> **Aim of the task**:
All that is wanted is the exact lines from the one with "Hyundai Elantra 2016, 177,000" through the last line of the entries, with both ends kept and every picture left out.

[Start of section]

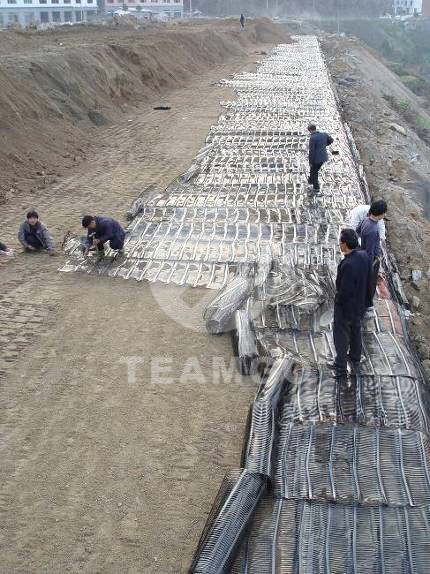 西昌漫水湾水电站土石坝加筋-南昌球盟会环？？萍脊煞萦邢薰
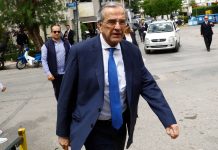 Ψάχνει γραφεία για το νέο κόμμα ο Α. Σαμαράς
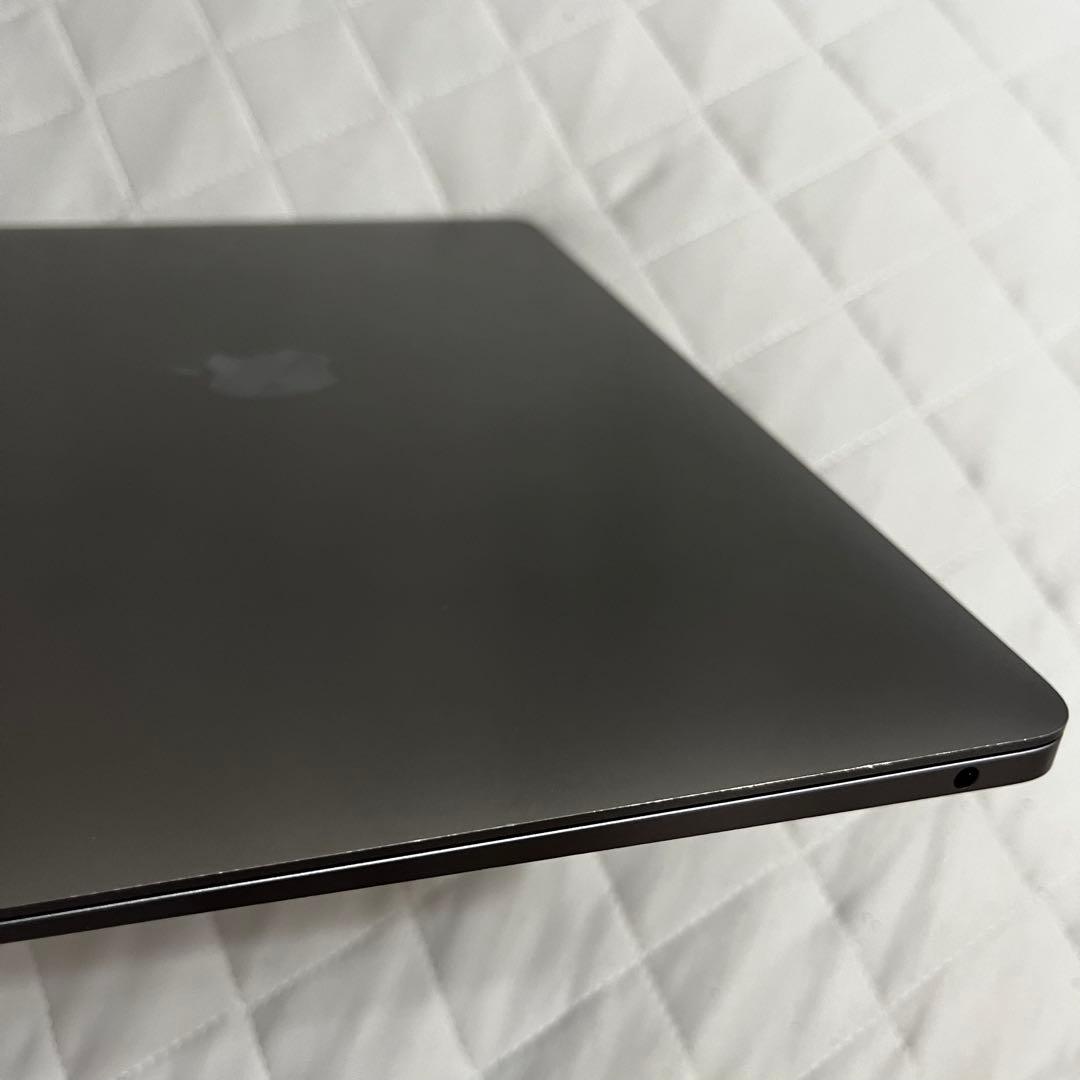 MacBook本体 Apple MacBook Air 8GB 256GB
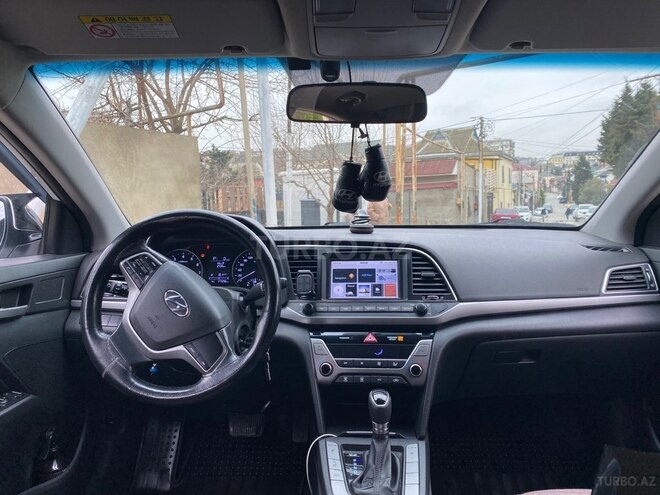 Hyundai Elantra 2016, 177,000 km - 1.6 л - Bakı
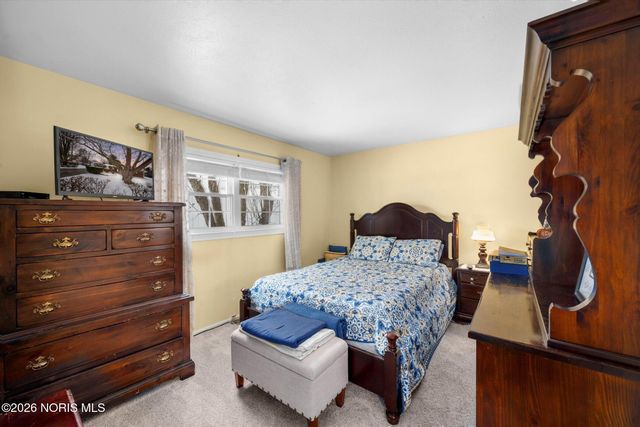 200 Cedar Lane, Waterville, OH 43566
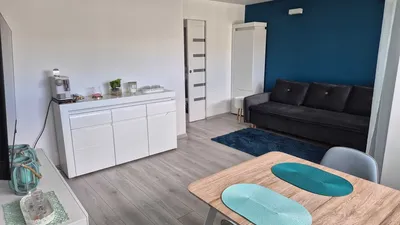 Piękne mieszkanie 42 m2 , full wyposaż. Gdynia Redłowo Powstania Wielkopolskiego - miniatura 3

[End of section]

> **Response to this exercise**:
 Hyundai Elantra 2016, 177,000 km - 1.6 л - Bakı
 200 Cedar Lane, Waterville, OH 43566
 Piękne mieszkanie 42 m2 , full wyposaż. Gdynia Redłowo Powstania Wielkopolskiego - miniatura 3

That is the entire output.